Wonkblog has a good explainer for what is being proposed by Indiana to expland its Medicaid program:
Pence last year insisted that he would only expand coverage if he could do it through the Healthy Indiana Plan, a health savings account-type of program for about 45,000 adult Hoosiers who didn’t qualify for the traditional Medicaid program…
Pence will lift HIP enrollment caps, opening up the program to working-age adults earning less than 138 percent of the federal poverty level ($16,105 for an individual or $32,913 for a family of four). Between 334,000 and 598,000 people will be covered under the plan, according to Pence’s office. Enrollment will open in 2015, with federal approval…
- HIP Members under the poverty level have the option to make monthly contributions.

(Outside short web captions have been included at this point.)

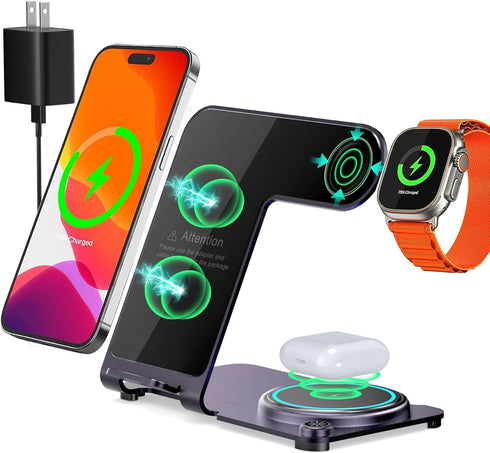 3 in 1 Charging Station Apple Purple - Mlfsaier ???????????????? ?????????? Multiple Fast Wireless Charger Stand for Apple Watch & Airpods iPhone ...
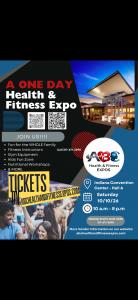 ABC Health & Fitness Expo 2026 promotional flyer with event and vendor information
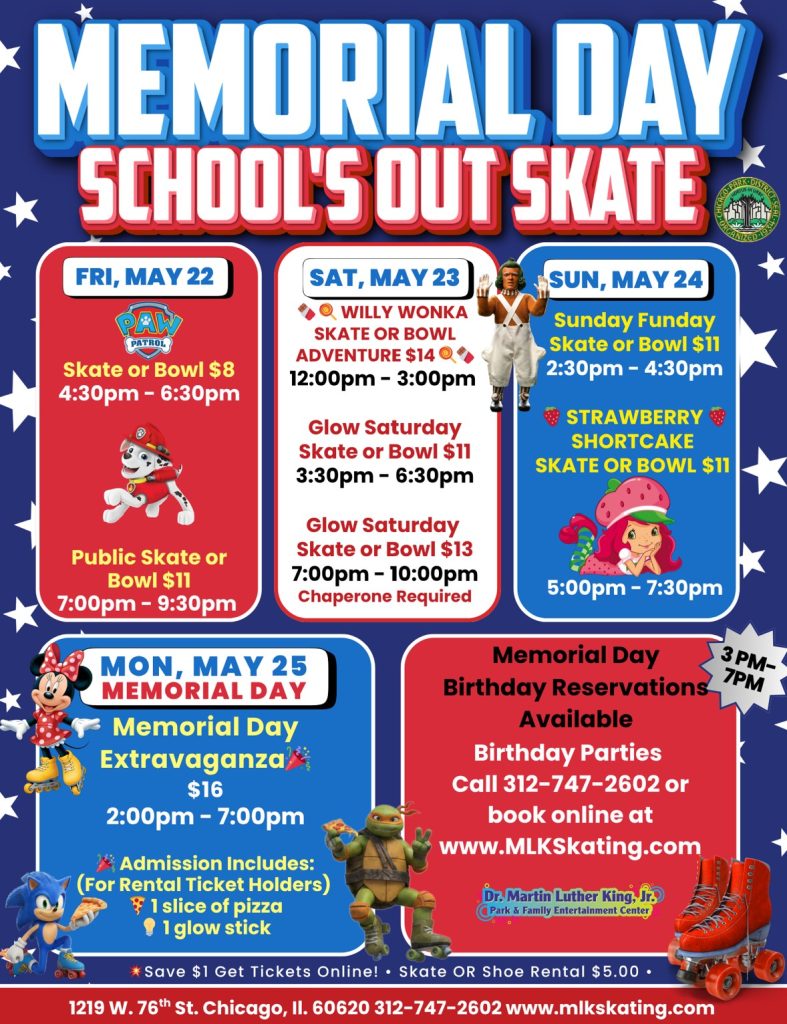 Memorial Day Weekend Roller Skating & Bowling Fun at MLK Skating & Bowling Center in Chicago, IL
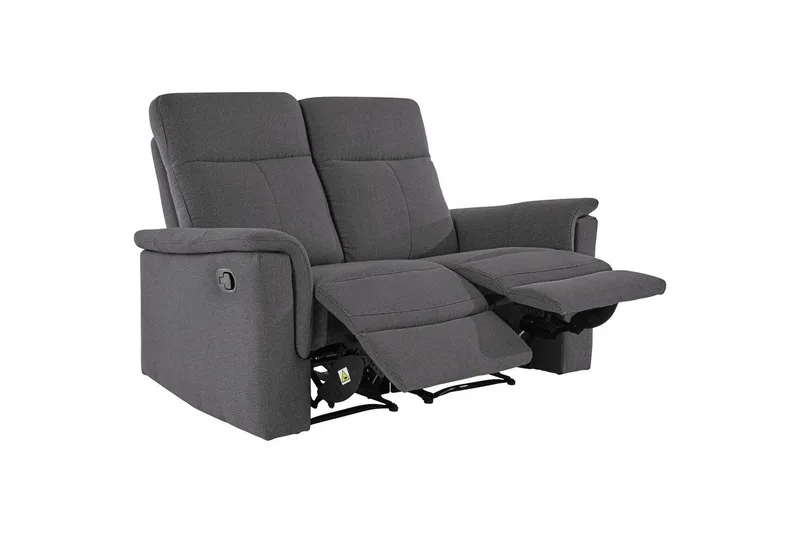 2-sitssoffa Southbrook Antracit, Tyg/Trä/Metall, Manuell vilstol - Antracit, Tyg/Trä/Metall, Manuell vilstol - Möbler - Vardagsrum - Soffor - Reclinersoffor & Biosoffor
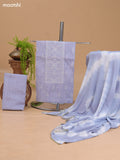 Pale Blue and Off White Cotton Dress Material With Embroidery Work Neck Pattern and Bottom & Dupatta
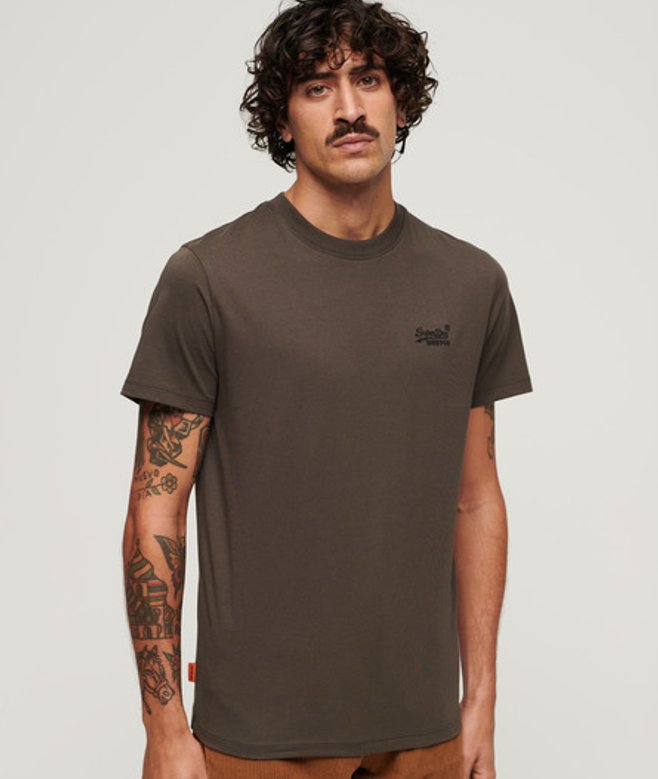 Superdry Herren Essential T-shirt aus Bio-baumwolle mit Logo und Stickerei Schwarz - Größe: S von Superdry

If they don’t, they’ll be transferred to a more basic level of coverage without vision and dental benefits. The lower coverage level requires co-payments for services, instead of monthly premiums. There are no co-pays, though, for preventive care and family planning services.
- HIP members above the poverty level who don’t pay a monthly contribution within 60 days are locked out of the program for six months. They can’t opt into the basic coverage level.
The basic plan design is a high deductible health plan where people are responsible for the first $1,100 of costs initially with it potentially expanding to $2,500. It is better than nothing, but it is a pretty shitty deal.
I don’t like high deductible plans for most populations. The one population where a high deductible plan has some value is not part of the Medicaid expansion population as a class:
individuals and families who are reasonably young (age is a pre-exisiting condition) without any signifcant claims history. The policies would not be automatically renewed until the most recent claims and medical history was reviewed. Furthermore, the potential buyer pool would be limited to people who have the ability to absorb a one-time shock of several thousand dollars without it being a crisis. This sub-population is fairly small, and can absorb the risk shifting that is inherent in a high deductible plan design. Anyone with chronic conditions or recurring health maitenance problems should not be a plan designed like this if the goal is to effectively manage health….
There is plenty of evidence that cost sharing (co-pays, co-insurance, deductibles), even nominal cost sharing, deters people from getting needed and approrpiate care. It also leads to worse health outcomes in general. These problems are most apparent down the income scale. As an example, a $10 copay for me is a mild annoyance; for someone making minimum wage and just getting by, it is their entire discretionary budget for a week if they are lucky.
Overall, the HIE health-related findings are inconclusive but they do suggest that some individuals, especially lower income persons in poor health, may be harmed by the deterrent effects of cost-sharing.
The second problem is that the level of insurance is worse than what is available on the Exchange. If I am an individual who makes between 100% FPL and 138% FPL, I will be far better off in the out years to go on the Exchange for a cost sharing assistance Silver plan as the total cost of my monthly premium is limited to 2% of income and the out of pocket is limited to $1,000 instead of $1,100 deductibles and 2.5% of income. The acturial value cost-sharing Silver plans for people who are also Healthy Indiana eligible would be 94% to 96%. The acturial value of the Medicaid expansion as proposed for Healthy Indiana is (eyeballing it) between 90% and 93%. Regular Medicaid acturial value is between 97% to 100% depending on the state.
This plan is better than nothing, but not much better. I think the HHS response will be to reduce deductibles, reduce premium payments and take away the basic level where the essential health benefits of dental and vision services are restored. As an opening line of negoatitions, this is promising that Indiana is willing to talk, but it should not get a waiver in its current form as it is a program that is still designed to place massive financial stress on a population of people who can’t handle additional financial or medical stress.